Lets say for fraud detection which has two labels for each transaction.

  1. Fraud
  2. Non fraud

In real world scenario we usually get more number of examples of Non fraud data points and very low number of fraud data points. Lets assume the ratio of Non fraud: fraud is 80:20. So my question is even if I build any classifier my model will predict the majority label but I know that data itself is not well distributed. So for such scenarios what should be the approach.

Steffen Moritz
  • 1,564
  • 2
  • 15
  • 22
  • 2
    There is a lot of posts on this site about unbalanced classes, search the site for this! In particular: https://stats.stackexchange.com/questions/6067/does-an-unbalanced-sample-matter-when-doing-logistic-regression since logistic regression could be a good starting method for your problem. – kjetil b halvorsen Jul 31 '17 at 11:17
  • SMOTE algorithm is a popular choice. See e.g. here https://www.jair.org/media/953/live-953-2037-jair.pdf and here https://stats.stackexchange.com/questions/234016/opinions-about-oversampling-in-general-and-the-smote-algorithm-in-particular – tosik Aug 03 '17 at 19:51
  • Avoid the problem by using a probabilistic model, like logistic regression? – kjetil b halvorsen Aug 03 '17 at 20:56

3 Answers3

0

Two approaches I've read about are down-sampling the majority class, and changing the cost of miss-classifying to more severely penalize missing the minority class (fraud, in this case).

Zhenya
  • 1
0

One option is to down-sample you majority class - i.e. randomly throwing away events belonging to the majority class. That is of course feasible only if you have large enough data to afford this.

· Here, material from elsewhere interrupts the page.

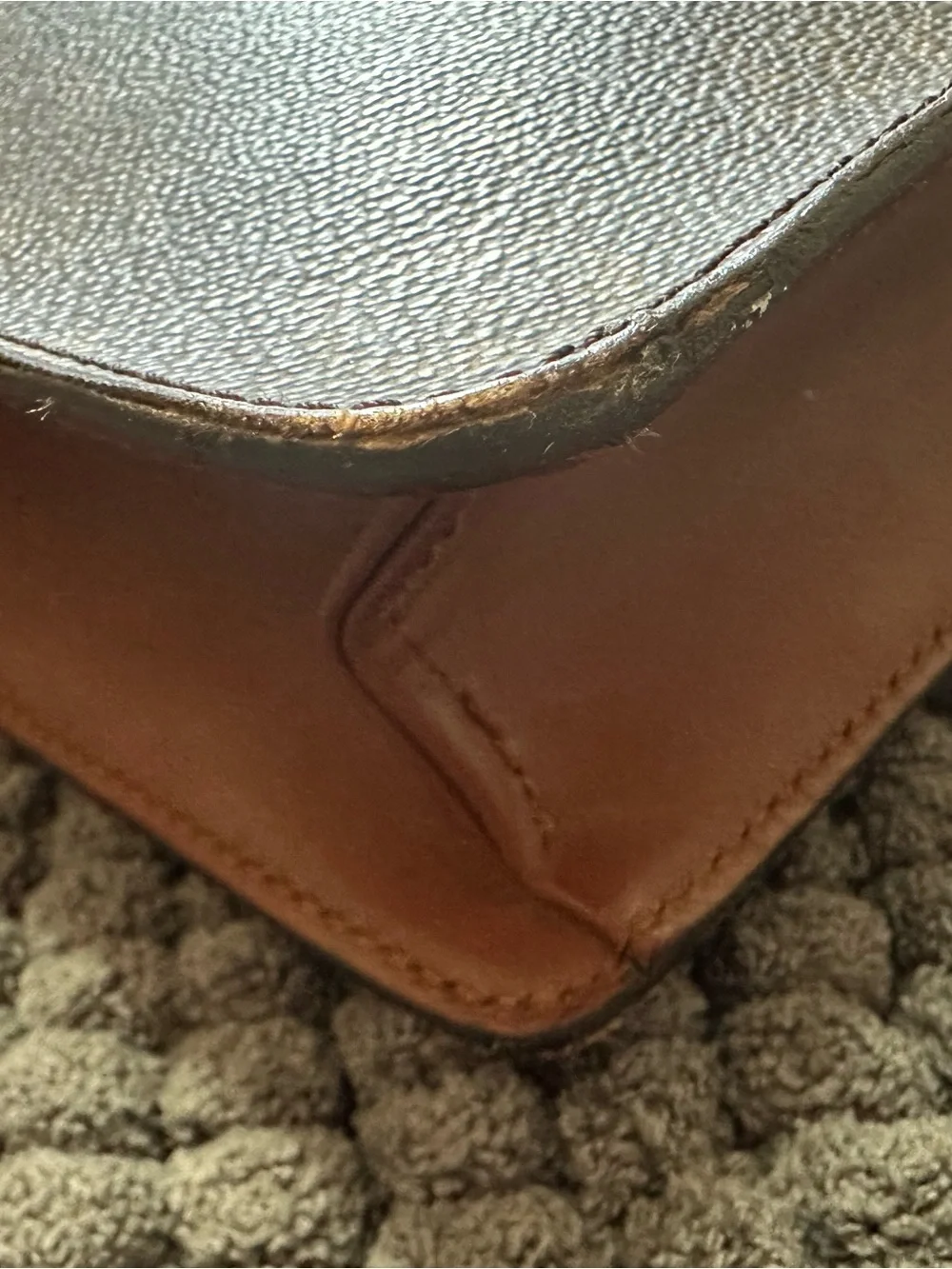 Louis Vuitton Brown Monogram Briefcase Porte Documents Bandouliere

An alternative is to up-sample the minority class; a popular algorithm to generate synthetically data for the minority class is SMOTE (https://www.jair.org/media/953/live-953-2037-jair.pdf). I find a python implementation of it here: https://github.com/scikit-learn-contrib/imbalanced-learn although I was able to use it successfully only when using Support Vector Machines as a classifier. It did not really make a difference with other classifiers.

famargar
  • 789
  • 1
  • 5
  • 24
0

Another option, e.g. used in the R mixOmics package, is the option to base fitness measures during model parameter tuning not only on overall misclassification rate, but also on per-class misclassification rate. This will allow customised tuning and automatic leveraging of classes.

CarlBrunius
  • 138
  • 1
  • 11